Realtime GCP pipeline

tziegler · August 27, 2021, 9:01am

Currently we have configured snowplogh as follows

Collector → Pubsub → Enrich → PubSub good events → Loader → BigQuery

We are planning to extent our infrastructure to enable real-time analyses and real-time recommendations.
Is there any documentation how to accomplish this or best practice infrastructures/tools how to do this?

Any help is appreciated!

PaulBoocock · August 27, 2021, 10:26am

Hey @tziegler
I always like to refer people to this article when this topic pops up, it’s AWS oriented but the same concepts apply: Real-time reporting using AWS Lambda and DynamoDB: a tutorial to compute the number of players in a game level on the Snowplow event stream (1/2)
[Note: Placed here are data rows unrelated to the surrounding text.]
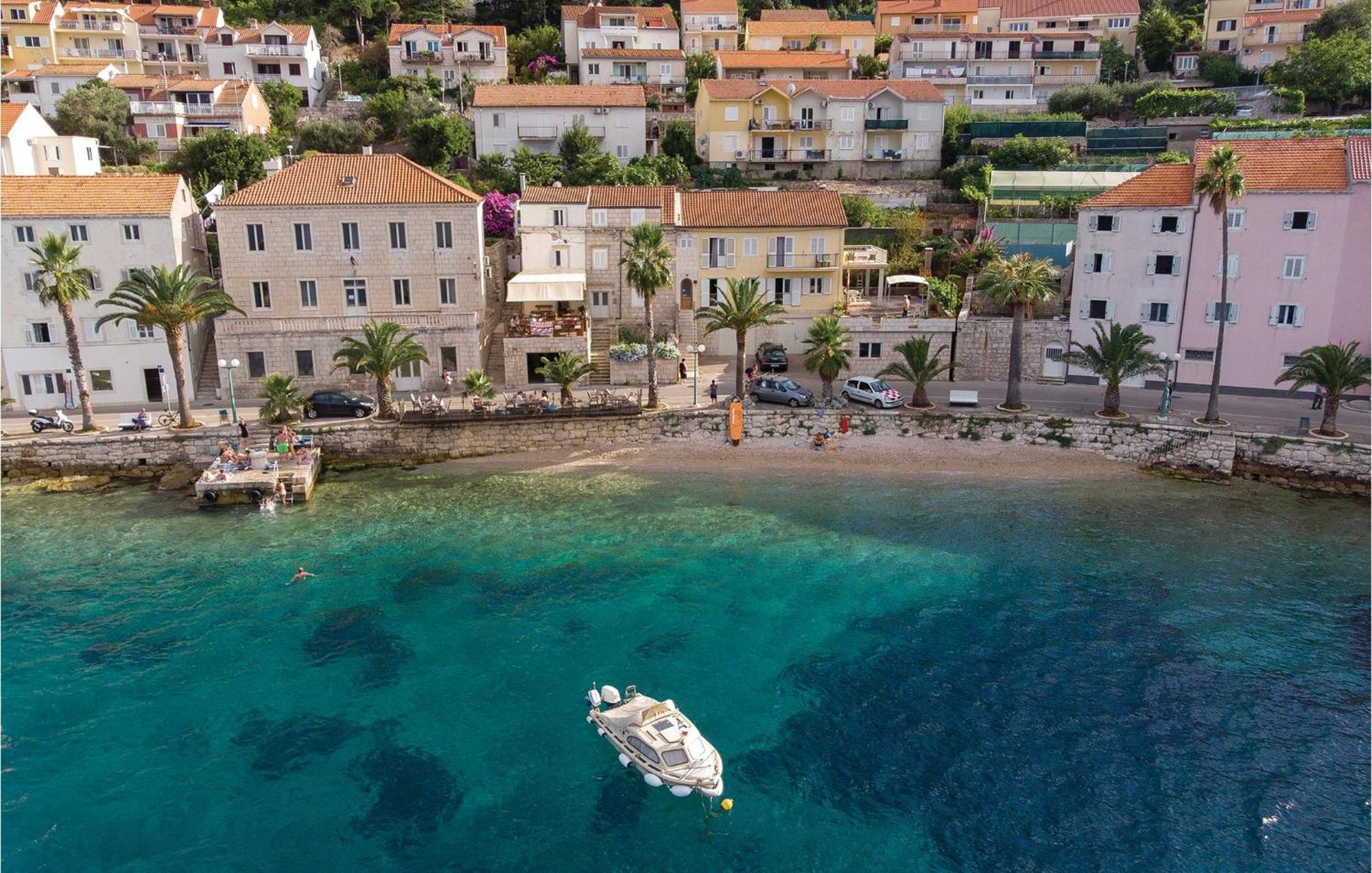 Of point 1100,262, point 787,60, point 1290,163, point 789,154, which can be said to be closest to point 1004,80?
point 787,60

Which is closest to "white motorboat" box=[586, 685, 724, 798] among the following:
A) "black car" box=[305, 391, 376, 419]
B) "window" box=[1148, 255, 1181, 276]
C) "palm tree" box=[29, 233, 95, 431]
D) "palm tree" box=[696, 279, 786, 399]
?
"palm tree" box=[696, 279, 786, 399]

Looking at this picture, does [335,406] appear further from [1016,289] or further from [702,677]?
[1016,289]

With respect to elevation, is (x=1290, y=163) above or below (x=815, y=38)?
below

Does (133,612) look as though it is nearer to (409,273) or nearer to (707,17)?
(409,273)

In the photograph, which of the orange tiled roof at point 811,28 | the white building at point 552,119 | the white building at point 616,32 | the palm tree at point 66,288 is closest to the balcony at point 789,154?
the white building at point 552,119

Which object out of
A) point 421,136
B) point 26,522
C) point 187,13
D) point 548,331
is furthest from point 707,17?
→ point 26,522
Using the Snowplow Analytics SDKs will help you parse the TSV event from the enriched pubsub stream in real time. Using Cloud Functions is a good starting point, or building your own consumers directly as a pubsub subscription. I’d also look at the new pubsub attribute filtering that you can now do with pubsub subscriptions, this has a potential to reduce the load as you might not need all your events going to your real time app.

tziegler · August 27, 2021, 3:17pm

Hi @PaulBoocock
thank you for pointing me to this tutorial!

How would we detach the real-time pipeline from the batch pipeline? I guess we will need to push the enriched event to two separate Pubsubs and continue from there?

PaulBoocock · August 27, 2021, 3:43pm

You shouldn’t need to detach it if I’m understanding your use case. A typical set up would involve adding a new subscription to the enriched pubsub topic, and then consuming from there. Much in the same way the BigQuery loader currently consumes the stream (although this wouldn’t have to be a dataflow job, it could be a cloud function or something else entirely).

tziegler · August 27, 2021, 3:53pm

Sorry I got confused - it’s Friday afternoon here
Of course, your completely right. Having another subscription will work just fine.

Do you suggest to use Cloud Functions to process the events? Other tools that might work could be Cloud Run / Dataflow / Dataproc. Which tool would you recommend ?
After processing the event we plan to serve the results via Cloud Run / Firestore.

mike · August 27, 2021, 10:25pm

I think this depends a fair bit on what your use cases are - if it’s real time applications that you can do atomically, and don’t require any windowing then cloud functions is a good bet. If however you need windowing, or better parallelism then often Dataflow or Cloud Run is a better bet here.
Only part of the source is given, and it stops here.